Maureen McDonald

Maureen McDonald

Landmark Dupuis Restaurant between Port Angeles, Sequim up for sale

PORT ANGELES — A stark red-on-white “For Sale” sign now hangs on the canary-yellow wall of Dupuis Restaurant facing U.S. Highway 101, though owner Maureen McDonald would rather it not have to be there.

McDonald, 65, said last week that she would prefer to keep running the restaurant at 256861 U.S. Highway 101 as she has for the past 15 years, but health issues and a stagnant economy have compelled her to begrudgingly look for a new owner of her beloved eatery, which has been a landmark for some 80 years.

“It needs someone young to take over management of it,” McDonald said.

McDonald said she plans to keep the restaurant open until she finds a buyer, adding that she’s more than willing to keep running Dupuis until she physically cannot if no interest in the property turns up.

ADVERTISEMENT
0 seconds of 0 secondsVolume 0%
Press shift question mark to access a list of keyboard shortcuts
00:00
00:00
00:00
 

McDonald listed the property last September for $300,000 and initially had a former waitress interested in taking over the business.

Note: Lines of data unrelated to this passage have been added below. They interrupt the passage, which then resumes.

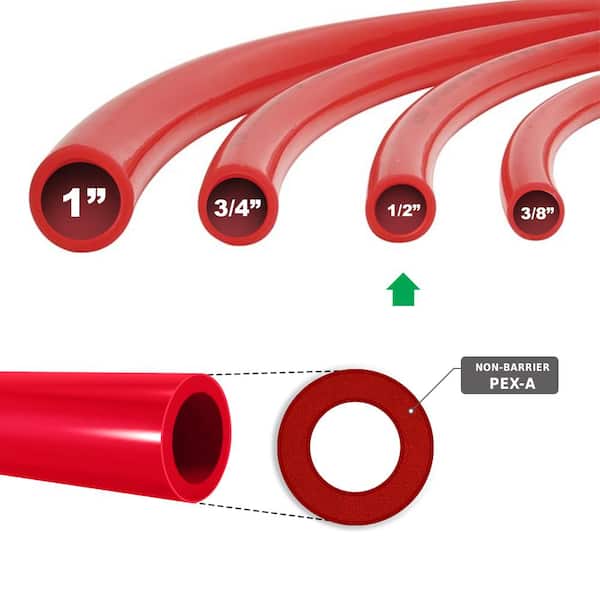 VEVOR PEX Tubing 1/2 x 500ft PEX Pipe Oxygen Barrier O2 EVOH Radiant Floor Heat Red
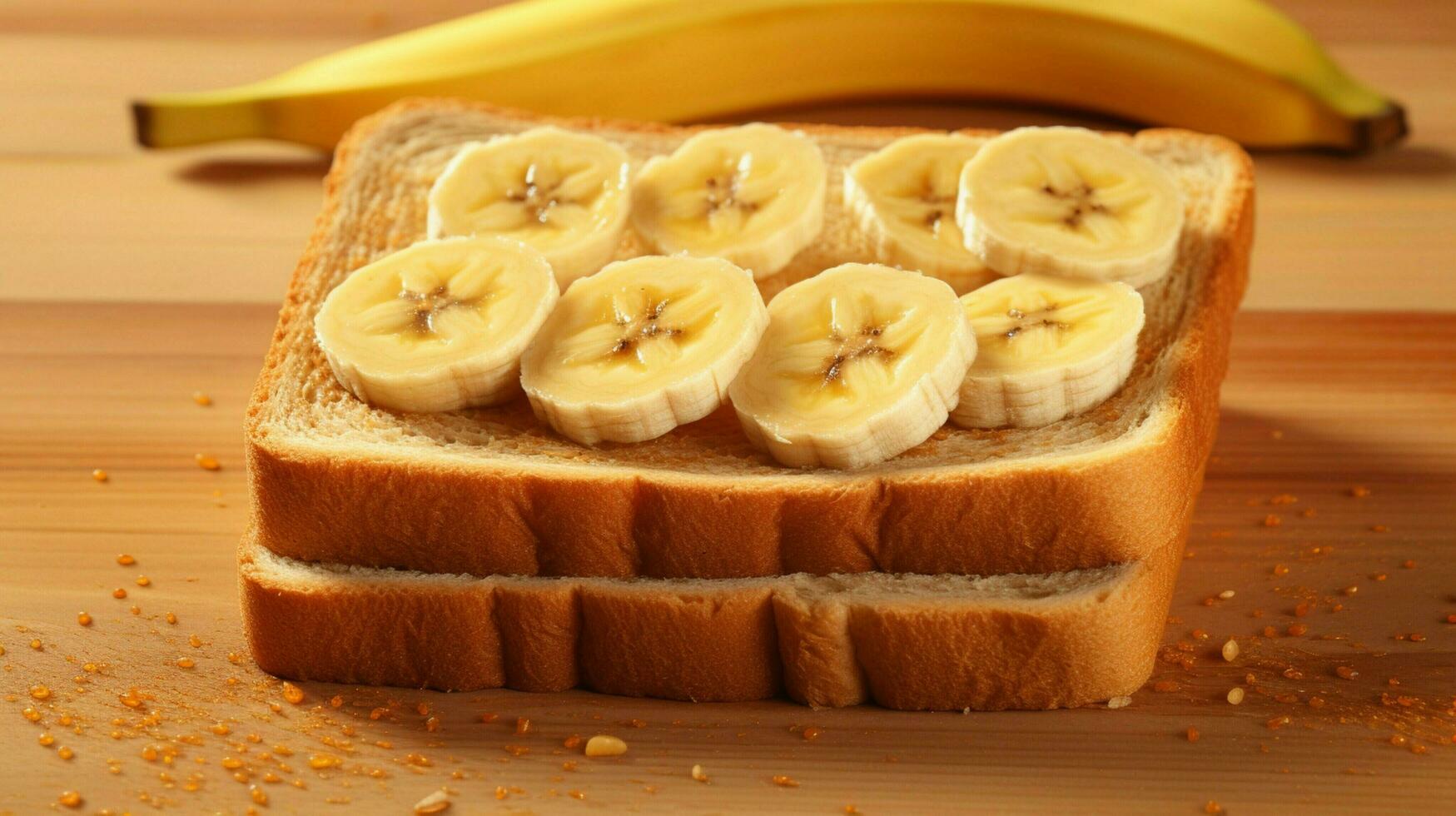 Fresco plátano rebanada en todo trigo un pan un sano bocadillo foto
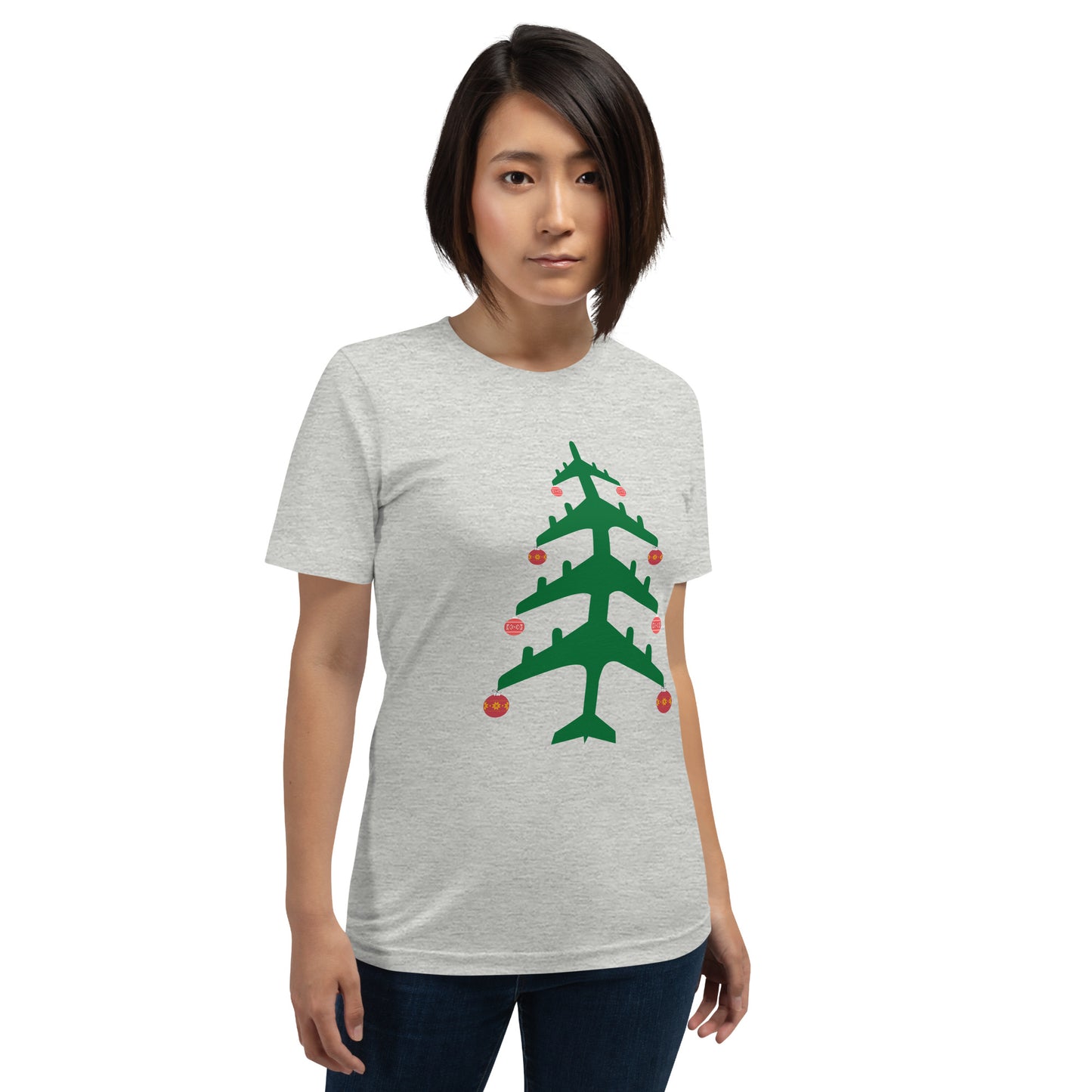 Airplane Christmas Tree Tee - UNISEX - 4 COLORS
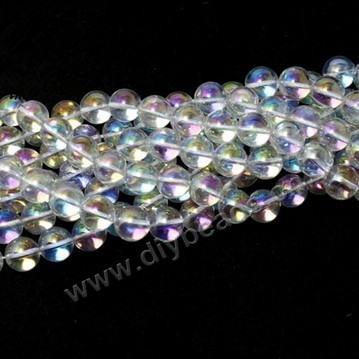 Bead,clear quartz crystal (natural),coated AB , 8mm round . Sold per 16-inch strand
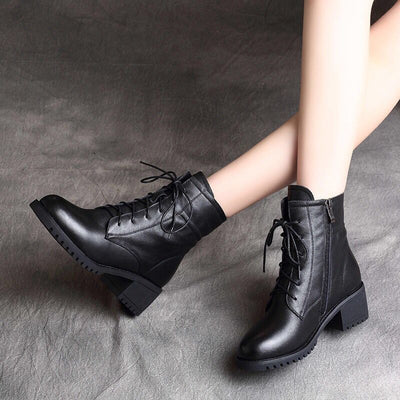 Botas Cortas de Cuero y Terciopelo Estilo Británico con Tacón Grueso - Image 6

She said she isn’t sure where that offer stands now since the waitress has gone to South Dakota to be with her family for a time.

Marguerite Glover, a real estate agent with Sequim-based Peter Black Real Estate and the listing agent for the Dupuis property, said Saturday she has received a few calls from people interested in the restaurant but has had no good offers on it yet.

“And we think it’s priced right,” Glover said.

If a buyer is found, McDonald said, all the kitchen appliances, inventory and everything necessary for running a restaurant will go along with the building.

“If someone wants to be a restaurateur, it’s an ideal startup,” McDonald said.

McDonald, who was born and raised in Port Angeles, said she first came to work at the restaurant as a manager about 20 years ago under then-owners Jack and Margaret Plaskett.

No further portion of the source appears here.